Beijing-based Dalian Wanda Group’s dreams of becoming a Hollywood power player faded further last week with the news that the conglomerate helmed by billionaire Wang Jianlin had ceded majority control of the world’s biggest cinema chain, AMC Theatres.
In a Wednesday earnings call, AMC chief executive Adam Aron said that when Wanda cut its stake to less than 30 percent in the fourth quarter of 2020, the Chinese group’s Class B common shares, each carrying three votes, automatically converted to Class A shares carrying a single vote each.

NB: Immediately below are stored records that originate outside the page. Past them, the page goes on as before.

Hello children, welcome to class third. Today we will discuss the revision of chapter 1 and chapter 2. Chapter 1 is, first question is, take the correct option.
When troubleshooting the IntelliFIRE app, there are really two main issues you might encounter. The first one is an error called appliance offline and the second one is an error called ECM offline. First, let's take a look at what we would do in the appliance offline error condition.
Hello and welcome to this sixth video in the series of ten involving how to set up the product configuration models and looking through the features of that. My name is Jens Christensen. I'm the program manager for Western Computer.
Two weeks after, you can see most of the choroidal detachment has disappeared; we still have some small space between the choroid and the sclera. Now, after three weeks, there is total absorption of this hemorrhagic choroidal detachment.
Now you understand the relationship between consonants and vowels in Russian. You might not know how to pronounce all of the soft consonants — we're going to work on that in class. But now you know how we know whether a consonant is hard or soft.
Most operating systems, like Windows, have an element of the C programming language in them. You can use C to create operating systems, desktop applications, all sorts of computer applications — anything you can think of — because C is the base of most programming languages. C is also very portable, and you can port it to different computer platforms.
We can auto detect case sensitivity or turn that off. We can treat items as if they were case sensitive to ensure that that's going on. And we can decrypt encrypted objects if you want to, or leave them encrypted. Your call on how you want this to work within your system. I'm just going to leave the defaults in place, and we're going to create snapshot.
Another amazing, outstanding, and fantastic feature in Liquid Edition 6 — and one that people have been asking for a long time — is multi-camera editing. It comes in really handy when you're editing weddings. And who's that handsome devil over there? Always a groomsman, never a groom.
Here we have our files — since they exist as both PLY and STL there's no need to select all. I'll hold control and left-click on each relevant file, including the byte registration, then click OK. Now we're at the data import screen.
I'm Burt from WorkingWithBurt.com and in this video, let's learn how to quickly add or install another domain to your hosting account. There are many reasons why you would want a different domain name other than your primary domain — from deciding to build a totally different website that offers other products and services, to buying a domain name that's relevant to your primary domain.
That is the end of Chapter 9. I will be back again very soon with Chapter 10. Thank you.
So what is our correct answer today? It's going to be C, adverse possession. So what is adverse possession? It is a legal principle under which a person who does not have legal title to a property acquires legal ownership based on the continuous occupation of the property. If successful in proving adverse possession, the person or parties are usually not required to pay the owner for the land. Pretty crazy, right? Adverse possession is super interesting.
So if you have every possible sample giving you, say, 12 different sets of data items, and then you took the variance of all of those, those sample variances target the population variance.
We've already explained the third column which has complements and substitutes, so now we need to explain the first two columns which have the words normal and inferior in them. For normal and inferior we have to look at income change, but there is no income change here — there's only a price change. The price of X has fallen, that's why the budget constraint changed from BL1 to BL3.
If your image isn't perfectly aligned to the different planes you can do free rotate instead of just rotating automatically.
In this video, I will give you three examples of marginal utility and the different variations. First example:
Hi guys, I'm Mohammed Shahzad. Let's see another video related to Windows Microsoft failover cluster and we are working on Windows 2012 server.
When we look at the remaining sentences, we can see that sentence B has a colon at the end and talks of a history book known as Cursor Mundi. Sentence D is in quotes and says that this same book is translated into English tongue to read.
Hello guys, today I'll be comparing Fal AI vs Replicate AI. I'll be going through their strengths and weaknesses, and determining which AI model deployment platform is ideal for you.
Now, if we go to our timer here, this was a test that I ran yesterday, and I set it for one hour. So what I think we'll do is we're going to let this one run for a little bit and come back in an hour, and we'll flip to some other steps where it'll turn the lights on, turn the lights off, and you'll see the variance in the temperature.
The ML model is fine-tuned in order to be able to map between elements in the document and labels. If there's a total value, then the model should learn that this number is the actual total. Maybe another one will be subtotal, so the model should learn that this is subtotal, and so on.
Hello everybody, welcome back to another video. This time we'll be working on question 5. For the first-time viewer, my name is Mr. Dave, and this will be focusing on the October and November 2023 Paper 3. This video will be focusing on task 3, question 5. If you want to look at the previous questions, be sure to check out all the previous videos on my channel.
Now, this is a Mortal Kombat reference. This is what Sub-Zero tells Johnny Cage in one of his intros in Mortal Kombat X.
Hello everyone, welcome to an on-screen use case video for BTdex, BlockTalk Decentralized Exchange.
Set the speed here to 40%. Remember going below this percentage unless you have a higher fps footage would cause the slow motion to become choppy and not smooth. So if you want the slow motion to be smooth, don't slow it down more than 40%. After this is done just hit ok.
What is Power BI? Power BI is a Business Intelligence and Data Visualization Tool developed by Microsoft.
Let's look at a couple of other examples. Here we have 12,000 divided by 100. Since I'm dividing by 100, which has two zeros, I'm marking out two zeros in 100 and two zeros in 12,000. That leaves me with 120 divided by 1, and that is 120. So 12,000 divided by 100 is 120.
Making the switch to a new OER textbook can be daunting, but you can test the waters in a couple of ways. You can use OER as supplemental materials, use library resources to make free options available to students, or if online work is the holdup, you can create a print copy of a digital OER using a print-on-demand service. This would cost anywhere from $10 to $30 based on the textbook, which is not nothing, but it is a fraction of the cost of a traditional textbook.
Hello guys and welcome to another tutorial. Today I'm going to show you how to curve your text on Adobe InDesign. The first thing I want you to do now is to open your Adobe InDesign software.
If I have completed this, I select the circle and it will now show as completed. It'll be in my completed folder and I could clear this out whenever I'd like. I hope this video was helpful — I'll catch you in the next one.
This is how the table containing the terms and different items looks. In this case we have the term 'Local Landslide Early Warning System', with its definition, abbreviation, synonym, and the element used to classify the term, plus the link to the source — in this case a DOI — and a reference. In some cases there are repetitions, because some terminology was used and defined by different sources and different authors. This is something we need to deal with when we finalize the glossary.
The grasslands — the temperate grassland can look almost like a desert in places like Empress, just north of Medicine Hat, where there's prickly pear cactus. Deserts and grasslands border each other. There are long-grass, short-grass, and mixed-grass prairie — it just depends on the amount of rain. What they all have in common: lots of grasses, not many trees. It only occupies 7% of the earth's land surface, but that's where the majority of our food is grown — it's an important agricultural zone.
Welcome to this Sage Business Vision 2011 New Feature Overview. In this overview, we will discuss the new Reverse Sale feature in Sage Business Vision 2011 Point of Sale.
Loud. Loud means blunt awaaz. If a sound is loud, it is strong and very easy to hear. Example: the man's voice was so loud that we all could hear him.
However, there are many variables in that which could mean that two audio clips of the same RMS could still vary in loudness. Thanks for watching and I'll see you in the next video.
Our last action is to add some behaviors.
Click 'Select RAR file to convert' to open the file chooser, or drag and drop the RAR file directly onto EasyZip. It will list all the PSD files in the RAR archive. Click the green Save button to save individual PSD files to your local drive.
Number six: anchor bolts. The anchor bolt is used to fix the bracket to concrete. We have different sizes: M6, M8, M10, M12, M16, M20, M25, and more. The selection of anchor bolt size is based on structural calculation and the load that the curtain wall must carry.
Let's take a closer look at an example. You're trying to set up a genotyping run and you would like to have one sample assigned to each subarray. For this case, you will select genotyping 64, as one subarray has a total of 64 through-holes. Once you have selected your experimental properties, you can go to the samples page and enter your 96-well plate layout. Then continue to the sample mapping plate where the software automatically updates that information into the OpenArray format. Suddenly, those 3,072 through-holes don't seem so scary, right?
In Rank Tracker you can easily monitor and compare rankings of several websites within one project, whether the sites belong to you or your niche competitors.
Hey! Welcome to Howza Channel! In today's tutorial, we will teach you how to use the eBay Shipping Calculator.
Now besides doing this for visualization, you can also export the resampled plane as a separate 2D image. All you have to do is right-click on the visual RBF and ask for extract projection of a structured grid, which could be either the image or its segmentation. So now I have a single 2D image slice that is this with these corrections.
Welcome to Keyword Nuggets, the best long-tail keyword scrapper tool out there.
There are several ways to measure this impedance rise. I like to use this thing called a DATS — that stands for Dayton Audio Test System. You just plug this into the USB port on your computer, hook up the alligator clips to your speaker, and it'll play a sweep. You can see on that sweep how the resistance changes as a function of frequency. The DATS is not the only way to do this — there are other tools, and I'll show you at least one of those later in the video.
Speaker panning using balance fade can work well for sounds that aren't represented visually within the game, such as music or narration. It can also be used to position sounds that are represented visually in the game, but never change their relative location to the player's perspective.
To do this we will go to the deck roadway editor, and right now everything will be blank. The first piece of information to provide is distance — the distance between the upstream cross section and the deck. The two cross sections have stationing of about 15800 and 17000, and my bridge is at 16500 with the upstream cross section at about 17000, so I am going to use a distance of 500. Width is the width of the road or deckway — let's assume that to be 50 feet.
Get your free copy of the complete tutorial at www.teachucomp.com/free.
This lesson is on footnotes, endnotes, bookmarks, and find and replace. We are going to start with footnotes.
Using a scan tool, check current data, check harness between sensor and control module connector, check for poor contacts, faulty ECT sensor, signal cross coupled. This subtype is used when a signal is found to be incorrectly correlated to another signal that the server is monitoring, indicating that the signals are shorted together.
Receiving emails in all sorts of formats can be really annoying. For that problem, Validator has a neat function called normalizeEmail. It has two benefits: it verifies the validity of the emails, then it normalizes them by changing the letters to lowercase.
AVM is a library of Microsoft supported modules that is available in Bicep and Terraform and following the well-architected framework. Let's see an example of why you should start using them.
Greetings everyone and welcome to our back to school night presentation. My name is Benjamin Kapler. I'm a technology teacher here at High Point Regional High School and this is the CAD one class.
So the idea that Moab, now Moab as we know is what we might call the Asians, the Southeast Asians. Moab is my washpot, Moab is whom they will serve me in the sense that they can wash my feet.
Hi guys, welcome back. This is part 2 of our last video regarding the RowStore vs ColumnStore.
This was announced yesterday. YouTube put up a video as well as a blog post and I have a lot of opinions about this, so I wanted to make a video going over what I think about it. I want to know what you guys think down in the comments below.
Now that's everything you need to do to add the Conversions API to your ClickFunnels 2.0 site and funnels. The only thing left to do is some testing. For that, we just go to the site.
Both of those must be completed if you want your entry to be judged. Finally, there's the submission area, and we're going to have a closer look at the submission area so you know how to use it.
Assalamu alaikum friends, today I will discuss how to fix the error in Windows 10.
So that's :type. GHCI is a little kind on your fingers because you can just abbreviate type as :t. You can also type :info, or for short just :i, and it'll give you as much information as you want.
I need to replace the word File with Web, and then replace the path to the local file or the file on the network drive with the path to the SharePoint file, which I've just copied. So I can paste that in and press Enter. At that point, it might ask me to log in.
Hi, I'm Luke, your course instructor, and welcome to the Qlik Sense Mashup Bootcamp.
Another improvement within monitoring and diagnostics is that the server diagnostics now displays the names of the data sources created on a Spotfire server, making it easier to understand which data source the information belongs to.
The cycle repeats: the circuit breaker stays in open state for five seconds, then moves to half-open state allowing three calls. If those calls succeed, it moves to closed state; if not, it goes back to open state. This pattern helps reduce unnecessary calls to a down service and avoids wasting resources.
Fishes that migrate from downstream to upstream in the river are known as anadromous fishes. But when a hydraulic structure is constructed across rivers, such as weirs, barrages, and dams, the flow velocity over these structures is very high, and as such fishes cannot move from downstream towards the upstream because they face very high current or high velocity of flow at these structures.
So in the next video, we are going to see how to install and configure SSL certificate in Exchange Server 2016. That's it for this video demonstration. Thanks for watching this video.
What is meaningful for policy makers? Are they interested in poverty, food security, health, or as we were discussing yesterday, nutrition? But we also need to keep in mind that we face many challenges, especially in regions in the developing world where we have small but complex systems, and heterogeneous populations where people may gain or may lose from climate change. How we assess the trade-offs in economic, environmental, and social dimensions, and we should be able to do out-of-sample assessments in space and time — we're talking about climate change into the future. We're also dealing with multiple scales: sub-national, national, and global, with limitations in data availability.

As a result, Wanda — which once owned AMC outright — saw its shareholding and voting power fall to less than 10 percent.
Wanda’s retreat from the theatre company which had once symbolised its global ambitions came at the close of a year in which AMC lost nearly $4.6 billion after attendance at its cinema venues fell by 78.9 percent compared to 2019. While the pandemic caused the closings, AMC had also lost $149 million in 2019 as online streaming services had eroded the theatre business long before COVID-19 began shuttering cinemas.
Reversal of Fortune
As late as last October, Wanda had held 37.7 percent of AMC and with it 64.5 percent of the company’s voting rights. Aron said that with a controlling shareholder no longer in place, AMC would be governed as most publicly traded companies are, “with a wide array of shareholders”.
“Wanda still has two board seats, and I can genuinely tell you that they have been an absolute delight for me to deal with during the past five years that I’ve led AMC,” the CEO said.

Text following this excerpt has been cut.